Task item >> From the listing that follows, output everything exactly except the pictures.

Supplied data >>

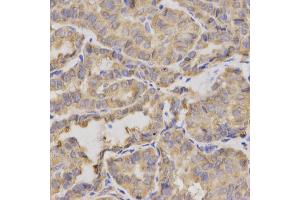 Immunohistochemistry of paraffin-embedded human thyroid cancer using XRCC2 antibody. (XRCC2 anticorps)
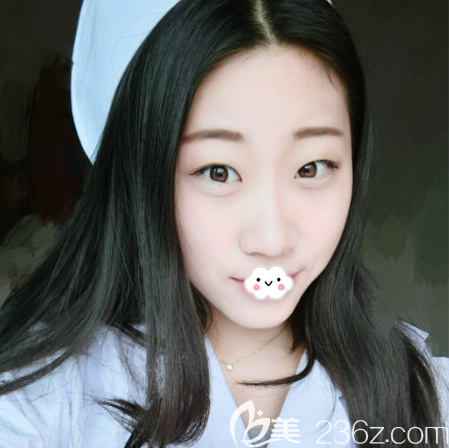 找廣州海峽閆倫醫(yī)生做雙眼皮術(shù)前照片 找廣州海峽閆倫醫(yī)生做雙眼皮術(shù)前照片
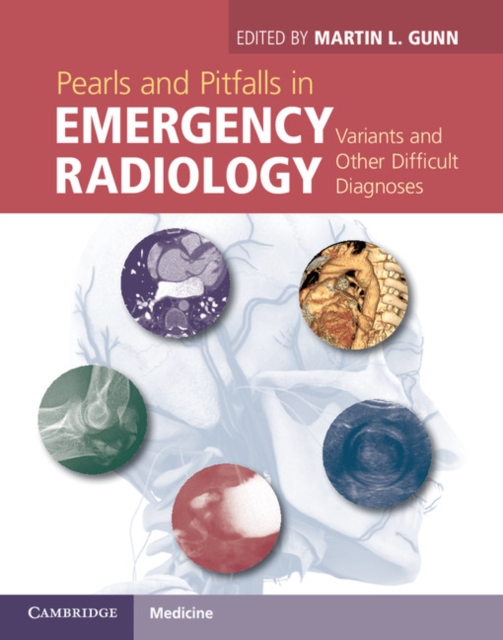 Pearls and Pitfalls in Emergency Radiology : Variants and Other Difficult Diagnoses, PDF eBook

Answer below >>
 Immunohistochemistry of paraffin-embedded human thyroid cancer using XRCC2 antibody. (XRCC2 anticorps)
 找廣州海峽閆倫醫(yī)生做雙眼皮術(shù)前照片 找廣州海峽閆倫醫(yī)生做雙眼皮術(shù)前照片
 Pearls and Pitfalls in Emergency Radiology : Variants and Other Difficult Diagnoses, PDF eBook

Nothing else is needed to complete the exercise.